European Central Bank hints at rate cut

Posted in Europe , Peace and Conflict , Other | 02-Oct-08 | Author: Carter Dougherty| Source: International Herald Tribune

Jean-Claude Trichet, president of the European Central Bank, during a news conference in Frankfurt on Thursday.

FRANKFURT: Jean-Claude Trichet, president of the European Central Bank, on Thursday said that the threat to inflation in the 15-nation euro zone was diminishing, as he struck a new, dark tone about the growth prospects for the region.

Trichet's comments, which came after the ECB left its benchmark interest rate on hold at 4.25 percent, suggested that the bank is likely to cut interest rates later this year, analysts said.

"With the weakening of demand, upside risks to price stability have diminished somewhat, but they have not disappeared," Trichet said.

The decision, which was generally expected even though Trichet's dovish tone surprised observers, came as credit markets remained stalled and as European governments stepped in this week to help bail out five banks. Denmark and Ireland became the first European Union countries to fall into recession this year, and the likelihood of a broader downturn looms in Europe.

The ECB has been heavily criticized by bank analysts for not lowering interest rates by now. But the central bank has stuck to its inflation-fighting guns since the financial crisis began in August 2007 and even raised borrowing costs in July.

Nonetheless, Trichet's comments were interpreted to suggest that the ECB will be more willing to cut its benchmark rate in December, or possibly even in November. The ECB's rate-setting council has its next regular monthly meeting on Nov. 11. A decision before that would be highly unusual.

"Clearly there is a rather pronounced shift in the ECB stance that should pave the way to the central bank cutting rates," Aurelio Maccario, an economist at UniCredit in Milan, told Reuters. "The chances for a rate cut at the turn of the year are very high."

Trichet and other ECB officials have argued that they can handle drum-tight credit markets - the core problem of the crisis - through billions of euros liquidity infusions into the money markets that have grown progressively larger and more frequent. Its benchmark rate, on the other hand, helps keep inflation under control.

Inflation has eased to 3.6 percent in the year ending September, an improvement from the summer, when it exceeded 4 percent. But it is still far above the ECB's goal of close to, but below 2 percent.

Whether the ECB's tactic has been successful is open to debate.
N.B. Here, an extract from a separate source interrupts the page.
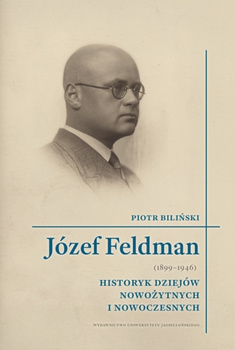 Józef Feldman (1899-1946). Biografie Uniwersyteckie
Credit costs have soared to record heights as financial companies hoard cash, and governments felt compelled to help bail out five European lenders this week.

On Thursday, Trichet shed some light on the ECB governing council's debate, saying, "Our unanimous conclusion was that we were right in maintaining rates as they are. "But we examined the two options."
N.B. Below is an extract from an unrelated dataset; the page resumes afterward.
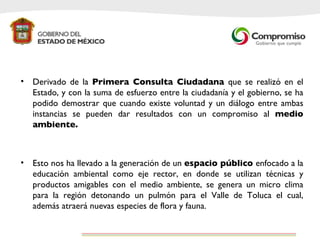 Derivado de la  Primera Consulta Ciudadana  que se realizó en el Estado, y con la suma de esfuerzo entre la ciudadanía y el gobierno, se ha podido demostrar que cuando existe voluntad y un diálogo entre ambas instancias se pueden dar resultados con un compromiso al  medio ambiente.  Esto nos ha llevado a la generación de un  espacio público  enfocado a la educación ambiental como eje rector, en donde se utilizan técnicas y productos amigables con el medio ambiente, se genera un micro clima para la región detonando un pulmón para el Valle de Toluca el cual, además atraerá nuevas especies de flora y fauna.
He added, "We discussed extensively the recent intensification of the financial market turmoil and its possible impact on economic activity and inflation, recognizing the extraordinary high level of uncertainty stemming from the latest developments."

The argument in favor of rate cuts is that the ECB is underestimating the impact of more stringent credit on the euro-zone economy, and it will be forced to abruptly shift gears when statistical evidence emerges of anemic growth.
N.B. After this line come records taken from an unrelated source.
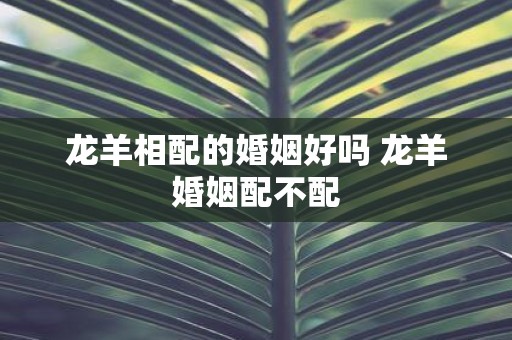 龙羊相配的婚姻好吗 龙羊婚姻配不配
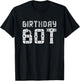 Birthday Bot | Robot Birthday T-Shirt - T-Shirt | Black
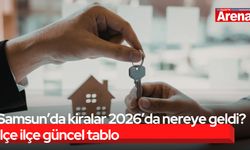 Samsun’da kiralar 2026’da nereye geldi? İlçe ilçe güncel tablo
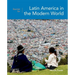 Sources for Latin America in the Modern World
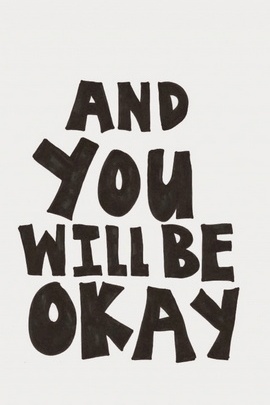 You Will Be Okay Wallpaper - Download to your mobile from PHONEKY You Will Be Okay Wallpaper - Download to your mobile from PHONEKY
"It is difficult to predict the precise impact of the financial stress on the real economy," David Mackie, chief western European economist at JP Morgan in London, wrote in a research note. "Previous experience suggests that extreme financial stress can contribute to a deep recession.

The euro zone economy shrank in the second quarter, and economists widely expect it to do the same in the third, which would meet the widely-accepted definition of a recession. But signs of a severe credit crunch, unlike in the United States, are limited.

"I would argue now that the ECB needs to lower rates as soon as possible," said Paul de Grauwe, a professor at the Catholic University of Leuven in Belgium. "At the very least, that avoids the need in the future for a panicky reaction, a desperate last step. I don't think there is any reason to fear inflation."

Oil prices have plummeted from their July high of $147 per barrel to, on Thursday near $97, easing inflation concerns. A weaker global economy with less thirst for energy could push oil prices even lower, analysts say.

Investors are generally betting that the ECB will cut rates by December and that an economic recovery will be under way by the first quarter of next year. But with financial markets so chaotic, analysts were reluctant to rule out a rate cut on Thursday, or even a coordinated effort with the U.S. Federal Reserve - something that last happened 7 years ago.

"In September 2001 we saw that the ECB could react quickly," Soeren Dijohn, senior analyst at Danske Bank in Copenhagen, wrote in a research note. "Similar flexibility could be seen this time around if financial markets are perceived to be under severe strain and monetary conditions appear inappropriate.